INFORMATION PROVIDED ▸

==*==

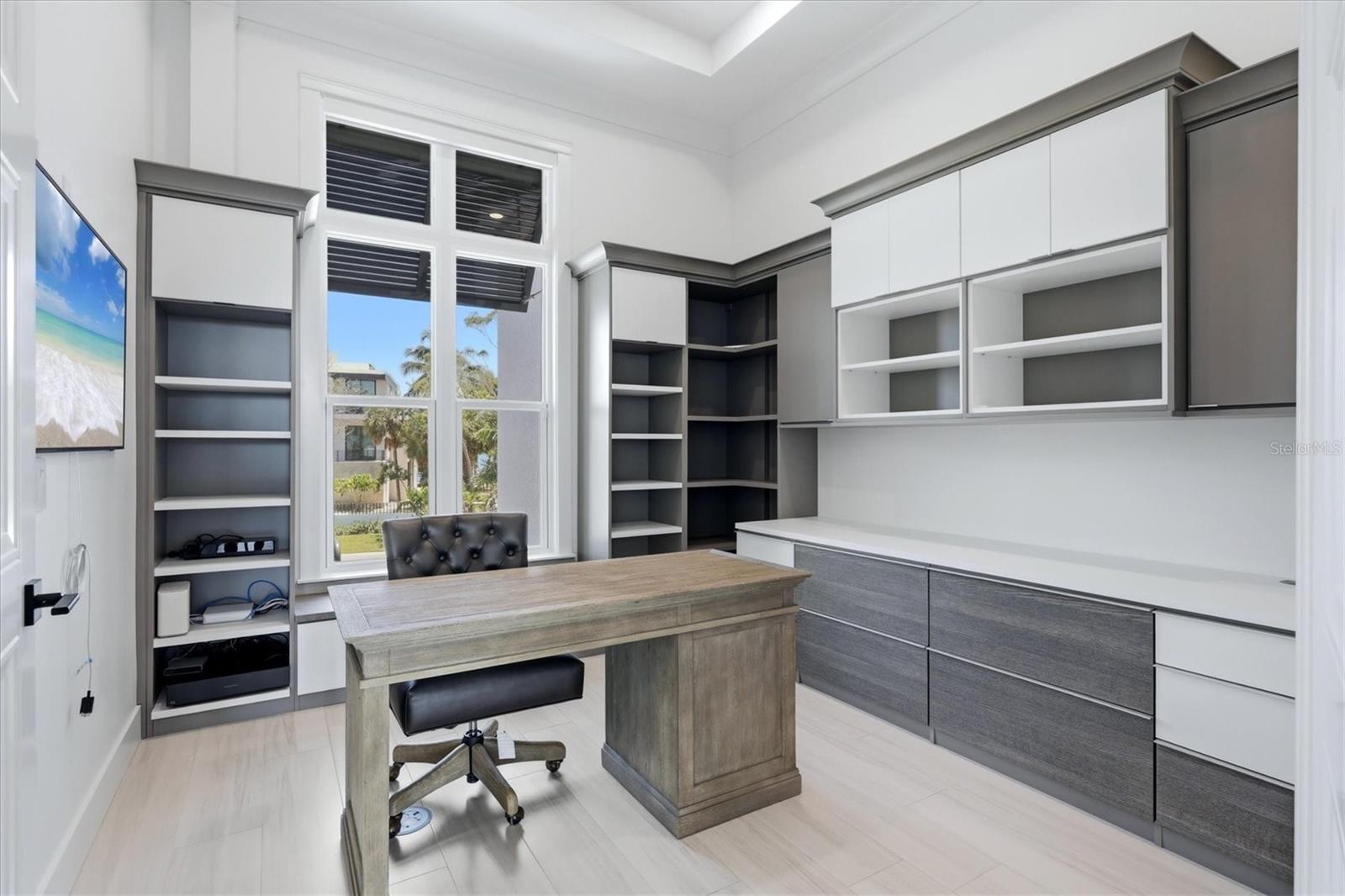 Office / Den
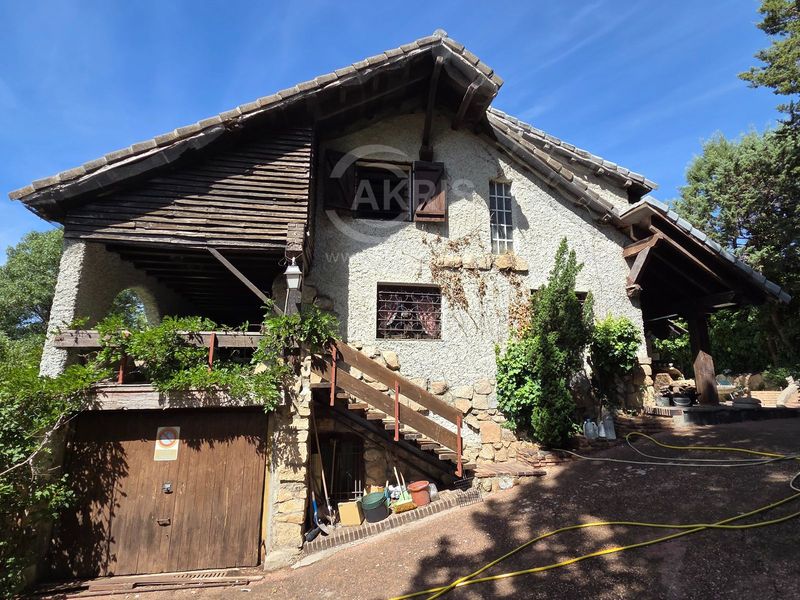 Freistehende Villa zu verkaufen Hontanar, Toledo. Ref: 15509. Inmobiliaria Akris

==*==

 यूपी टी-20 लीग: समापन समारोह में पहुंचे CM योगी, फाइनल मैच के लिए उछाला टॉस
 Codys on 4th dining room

==*==

EXERCISE INSTRUCTIONS ▸
Could you transcribe exactly the entries above, but only the lines from the one with "Office / Den" through the one with "Freistehende Villa zu", and without pictures?

SOLUTION TO THIS PROBLEM ▸
 Office / Den
 Freistehende Villa zu verkaufen Hontanar, Toledo. Ref: 15509. Inmobiliaria Akris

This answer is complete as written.